Actually, "liar" is too kind a word to use in describing Joe Wilson. He is a traitor who peddled lies in an effort to subvert a sitting President at a time of war for a potential cabinet seat in a Kerry administration.
Don't know about the whole article, but the first snipets are dead on.
Here's something I didn't know until yesterday:
"Could one story about Joe Wilson, any one story, mention that he was working for the Kerry campaign?
"He was a foreign policy advisor to Kerry and Kerry's election website linked to Traitor Joe's.
"Then the Senate Select Committee on Intelligence showed Wilson to be a liar.
"They put the rat under oath and all his smug assertions evaporated into admissions of using "literary license", "must have misspoke" and the ubiquitous charge that the reporter misunderstood what he's said.
"Only then did Kerry drop him.
"That relationship taints everything Wilson did and said.
"But the MSM won't ever bother to mention it because they know the American people will factor his partisan ambitions in.
"Between Wilson's lies and Berger's theft/destruction of classified documents the Kerry Administration will forever stand out as one that managed to have major scandals without even getting elected. "
13 posted on 04/10/2006 7:25:45 AM PDT by Dilbert56
http://www.freerepublic.com/focus/f-news/1612370/posts?page=13#13
Best Article I have read in the 4 months of 2006! However, Fitzgerald does not gain anything by proving Wilson is a liar. On the other hand he will become immortal if he "gets" Bush. I would predict that Fitzgerald will go after the President.
Presumably the last line, about whether Fitzgerald is out to get the truth or out to get the Bush administration, is a rhetorical question.

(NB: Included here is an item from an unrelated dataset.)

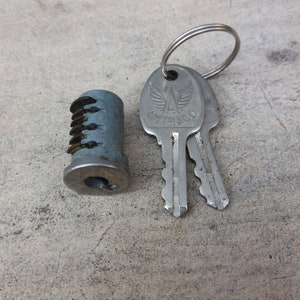 Only Main lock vintage fork bicycle lock AMTRACO for vintage bike NOS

Today the local paper printed several letters on this topic, uncluding several who described this non-leak as an impeachable offense, even though virtually every legal expert who has commented on it says nothing illegal was done. But even to say "nothing illegal was done" creates the wrong impression, because it suggests that something improper or immoral was done. And I blame the press for this impression, because they described the leak as a leak of "highly sensitive" information. It was no such thing; it was simply a rehash of what Bush and other administration officials had been publicly referencing for months. The info was so stale that Judith Miller - to whom it was given - never even wrote about it. (If the information really had been highly sensitive, you can be sure the New York Times would have splashed it all over the front pages.) That's why these media types make me so sick; they aren't even clever at diguising their blatant biases and hypocrisy.
Messing with the President might be just too much to handle.
Exactly.
Aided and abetted by Patrick Fitzgerald, of course.

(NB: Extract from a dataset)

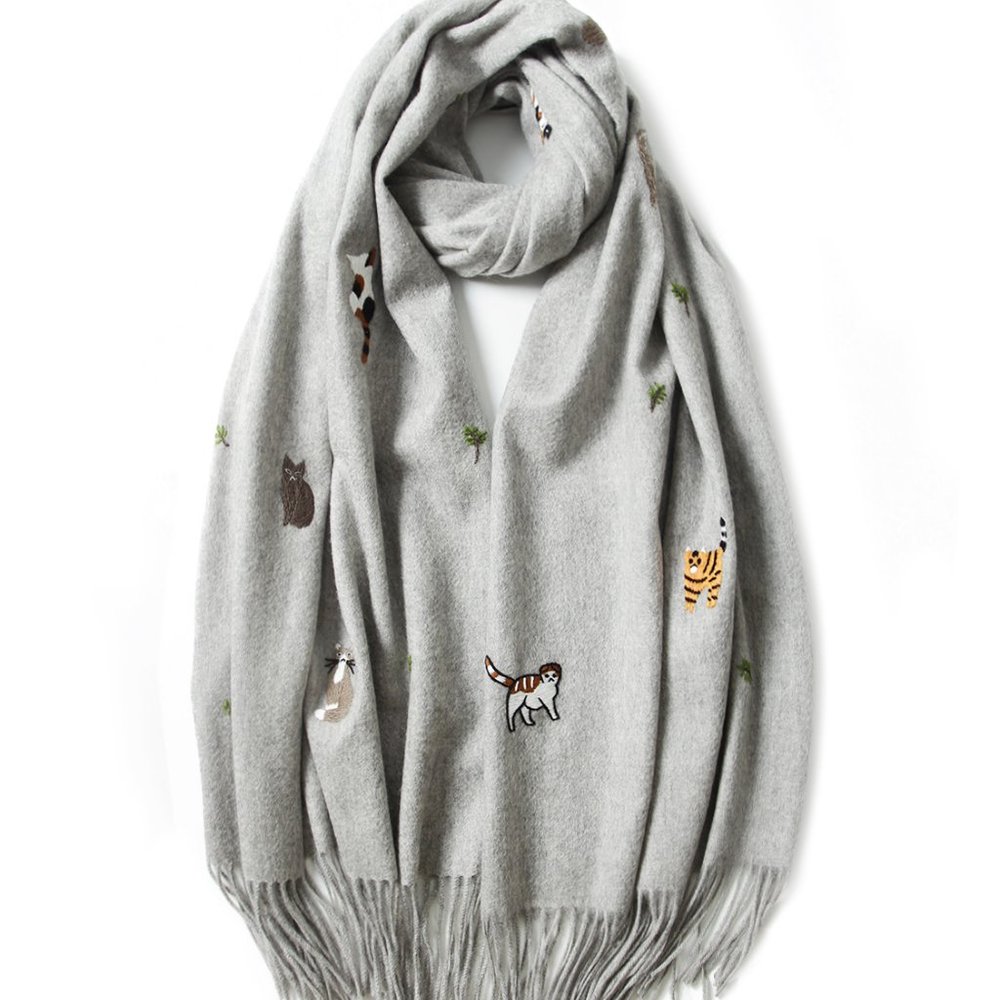 Edelweiss embroidered playing cat cashmere scarf - Picture 8 of 12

I've been reading some very similarly worded letters to the editor in my local paper about how Bush should be impeached for "leaking" classified information. Apparently the DNC has sent out a form letter for it's zombies to copy. I wrote a letter informing the nuts that the President can un-classify anything he has classified, but it won't see print.
Yeah, but for what? A President declassifying info? He can't get to first base on that.
Joe Wilson's Perfidy
Joe took the Islamicists' side,
When he said that the President lied.
While he sat on his tush
His words undermined Bush.
I'm thinking the louse should be fried.
"We also wonder, in this scenario where the only proven liar is Joe Wilson, whether Fitzgerald is out to get the truth or out to get the Bush administration."This bothers me the most 'bout Fitzerald. Up to this point, Fitz HAS NOT proven himself to be a non-partisan hack.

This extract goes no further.